My first thought as I began to read the opening pages of Phillip Cary’s book “The Meaning of Protestant Theology” was that I had picked up a boring, poorly written book that would be difficult to recommend for an average reader.
That was my impression of the introduction – I thought I was looking at a book written for the very intelligent, scholarly reader, a class into which I do not place myself. I read all the introduction and my opinion did not change. It did not seem fair, however, to judge a book solely by its introduction, so I began chapter 1. I found a readable, interesting essay discussing the work of Plato as assimilated by early Christian writers. This sets the foundation for the book which is designed to follow the thoughts of Plato to Augustine to Luther and the Reformation.
The book is readable and interesting, unlike the introduction.

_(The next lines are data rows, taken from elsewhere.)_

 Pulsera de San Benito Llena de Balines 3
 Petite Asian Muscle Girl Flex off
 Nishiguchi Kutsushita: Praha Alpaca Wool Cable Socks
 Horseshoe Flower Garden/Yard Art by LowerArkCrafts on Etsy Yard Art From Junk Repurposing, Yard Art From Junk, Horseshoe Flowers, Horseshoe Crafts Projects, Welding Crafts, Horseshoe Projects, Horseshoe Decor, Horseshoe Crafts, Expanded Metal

The book will be of interest to those interested in the development of Protestant (Lutheran) theology through history – though the writer clearly states that he has no desire of leaving the reader a devotee of Luther’s teaching; the author clearly states that he is Episcopalian. Not a systematic theology, but clearly rooted in the discipline of historical theology.
Though not knowledgeable in this field, I found the book interesting and relatively easy to read as, to me, an introduction to historical theology. The book probably would not find a home in most local church libraries, though individual pastors with an interest in pre-Christian philosophy, early Christian theology, and the development of early Protestant thought may find it of interest. Most seminaries, both Protestant and Catholic, would find a place for this book in their collections as it begins by exploring the connection between Platonism and Augustine and ends by exploring the connection between Plato, Augustine, and Luther.
This review is based on a free electronic copy provided by the publisher for the purpose of creating this review. The opinions expressed are my own.